↓
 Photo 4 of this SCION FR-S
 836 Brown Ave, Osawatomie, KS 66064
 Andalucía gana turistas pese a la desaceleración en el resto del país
↑
EXERCISE ▸ All of the material above needs to be output exactly, with no line left out.

RESPONSE ▸
 Photo 4 of this SCION FR-S
 836 Brown Ave, Osawatomie, KS 66064
 Andalucía gana turistas pese a la desaceleración en el resto del país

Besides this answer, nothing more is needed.